You're holding a 5-euro note. The magician folds it, blows on it, unfolds it, and it has become a 50-euro note. Same spot, same hands, no switch in sight. How?
Watch this trick in action
The technique: the Himber fold
Sterke Valuta uses a variant of the classic Himber fold (named after Richard Himber, 1940s). The note is folded in eights in a specific way, creating a hidden compartment. The other note already sits in that compartment, flat and invisible.
The 'flip' is an illusion: by opening the fold along the other axis, the second note appears and the first disappears into the hidden compartment. Mechanically it's simple, but it takes dozens of hours of practice to perform smoothly.

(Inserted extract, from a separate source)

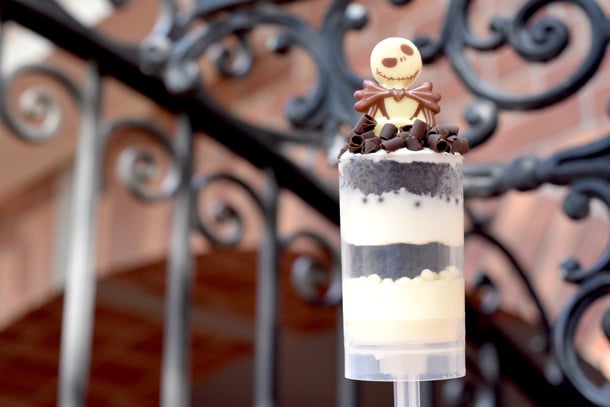 Jack Skellington Cake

- ✦Both notes are prepared in advance and joined at one corner
- ✦The fold must be exactly placed so both notes appear identical
- ✦The showy action (blowing, shaking) hides the critical moment
The psychology: why money works especially well
Money instantly activates attention and reward areas in the brain. Spectators focus more strongly on a banknote than on ordinary paper. Paradoxically, that focus is what makes the trick possible, all attention is on the note, not on the subtle finger movements.

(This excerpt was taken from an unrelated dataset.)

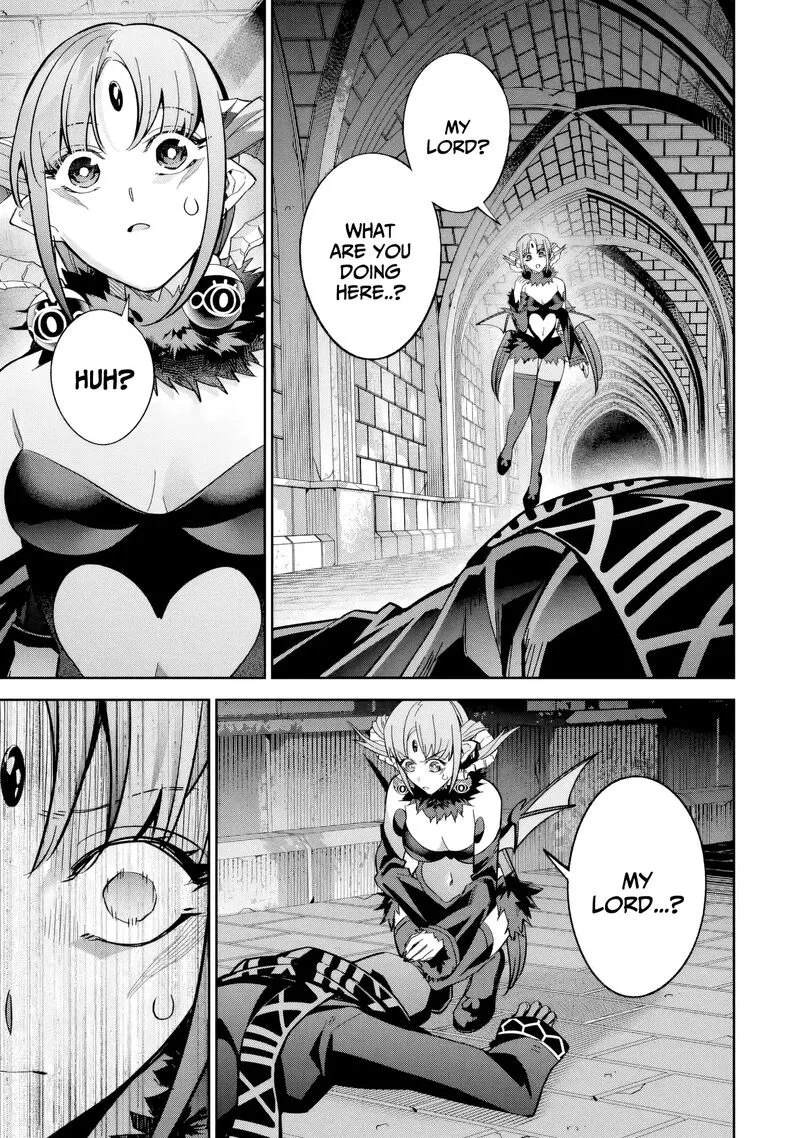 Shokei Sareta Kenja wa Lich ni Tensei Shite Shinryaku Sensou o Hajimeru Chapter 64 page 38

We also instinctively believe money must be 'real'. Nobody thinks: 'maybe that's a fake note'. That assumption is exactly what the magician exploits.
Variations worldwide
The trick exists in every currency. American magicians transform dollars, British magicians pounds, and in Asia a 100-yen note often becomes a 10,000-yen note. The effect works everywhere because money is universal, and the psychological impact even more so.
A simple fold, practised for years, combined with the psychology of money: that's how one of the most-requested close-up tricks in the world actually works.